En La noche de Ángeles (1991), Ignacio Solares se ocupa de uno de los episodios más sugerentes de la Revolución: el regreso del general Felipe Ángeles. Director del Colegio Militar en tiempos de la dictadura, artillero formado en París, Ángeles fue el único intelectual militar de la contienda y luchó al lado del más contradictorio de los líderes, Pancho Villa, imponiendo una dosis de sensatez e incluso de pacifismo en plena guerra. Derrotada la División del Norte, huye a Estados Unidos, donde vive en la pobreza. Decide volver, sabiendo que va a morir. Vaga por el desierto, leyendo la Vida de Jesús de Renan, hasta que es arrestado. Lo llevan a juicio y asume su defensa. Este episodio dio lugar a la pieza teatral de Elena Garro Felipe Ángeles. En el Teatro de los Héroes de la ciudad de Chihuahua, el general imagina un país distinto, de reconciliación democrática. Su adversario es Venustiano Carranza. El público se entrega al mártir. Carranza manda un telegrama con un indulto. De acuerdo con su conveniencia, el telegrama llega tarde. Ahí se pierde la oportunidad de otra historia (al menos así lo exige la imaginación literaria). Adolfo Gilly, autor de La revolución interrumpida (1971), libro vibrante que mi generación leyó con perdurable asombro, acaba de concluir una biografía sobre Ángeles.

En esencia, no hay una Revolución. Sus contradictorias causas fueron captadas por Juan Rulfo en Pedro Páramo (1953):

-Como usté ve, nos hemos levantado en armas.

-¿Y?

-Y pos eso es todo. ¿Le parece poco?

-¿Pero por qué lo han hecho?

-Pos porque otros lo han hecho también. ¿No lo sabe usté? Aguárdenos tantito a que nos lleguen instrucciones y le averiguaremos la causa. Por lo pronto ya estamos aquí.

A propósito de la novela histórica, Isaiah Berlin comentó que los hombres históricos no sólo hacen cosas históricas. En Los relámpagos de agosto, Jorge Ibargüengoitia extrema esta idea: sus revolucionarios no hacen nada histórico. Sus motivaciones son egoístas, caprichosas, personales. La comicidad de la novela deriva de la ineptitud de esos corruptos. Conspiran contra sus presuntos aliados, pero sobre todo contra sí mismos. En su obra de teatro El atentado, Ibargüengoitia hace que Álvaro Obregón, triunfador de la lucha armada, muera sin pronunciar una frase célebre. En un país donde las declaraciones son más importantes que los hechos, nada resulta tan trágico como morir después de pedir un plato de frijoles. Las famosas últimas palabras expresarán, para siempre, un antojo.

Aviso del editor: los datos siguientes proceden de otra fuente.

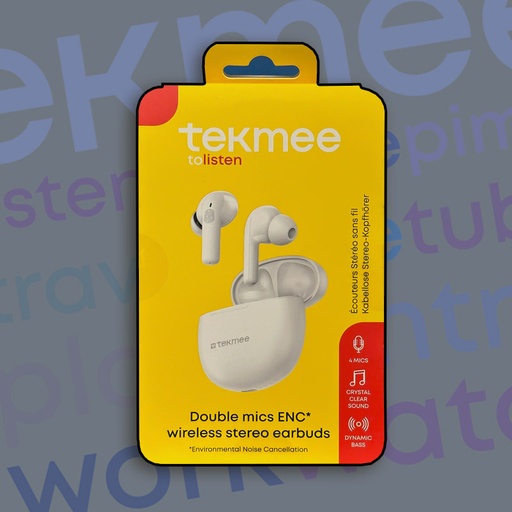 [40430180] TEKMEE BLUETOOTH STEREO EARBUDS W/ NOISE CANCELLATION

El triunfo de la Revolución fue consumado por los jefes sonorenses, seres pragmáticos, ajenos al romanticismo revolucionario de Villa y Zapata. Héctor Aguilar Camín escribió en La frontera nómada (1977) la historia narrativa de ese triunfo. Por su parte, Jorge Aguilar Mora recuperó en detalle las técnicas de la guerra y las formas de representación de la contienda en Una muerte sencilla, justa, eterna (1990).

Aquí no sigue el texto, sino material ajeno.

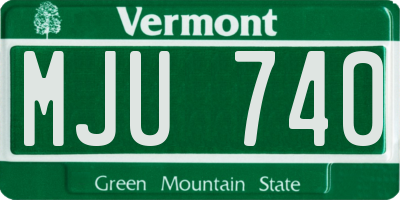 VT license plate MJU740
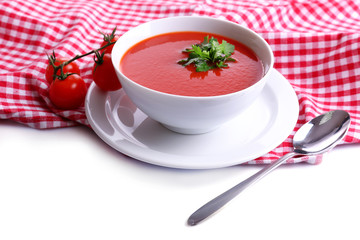 Tasty tomato soup, isolated on white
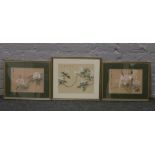 Three gilt framed Chinese paintings on silk of flowers.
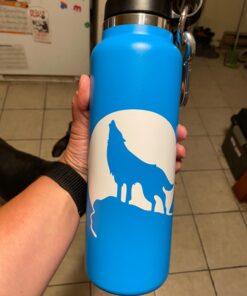 SoCoolDesign Howling Wolf Moon Car Window Vinyl Decal Sticker 5" Wide (White) 5 61ZqKcpJ2ZL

Cuando los revolucionarios cambian los caballos por los Cadillacs, comienza la intriga de oficinas. En La sombra del caudillo (1929), Martín Luis Guzmán reconstruye la lógica del poder heredada de la Revolución: el Hombre Fuerte del país no depende de los votos sino de la adhesión de quienes podrían desafiarlo. En consecuencia, lo importante se resuelve en la sombra. No en balde, la política de impunidades ha sido bautizada como la "tenebra". Ahí se conjuga un verbo decisivo: "madrugar". Hay que anticiparse al enemigo; para lograrlo, es necesario intuir lo que él haría y actuar primero. En esta delirante dramaturgia, no hay mejor consejo que la paranoia: eliminar al rival es un acto preventivo.

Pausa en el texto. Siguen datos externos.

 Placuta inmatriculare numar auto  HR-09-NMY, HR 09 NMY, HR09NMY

Fuentes recogió en Gringo viejo (1985) una escena que le contó su entrañable amigo Fernando Benítez, autor de El rey viejo (1959), novela sobre la muerte de Carranza. Los zapatistas toman una hacienda. Al entrar en un salón descubren un desconocido artificio. Se trata de un espejo. Los revolucionarios se paralizan ante su propio rostro. ¿Quiénes son? ¿Por qué llegaron ahí?

La Revolución ha otorgado dimensión épica a una costumbre mexicana: la impuntualidad. Con cien años de retraso es actual.

Los rostros se asoman al espejo. ¿Qué justicia piden a través del tiempo? Por lo pronto, ya están aquí.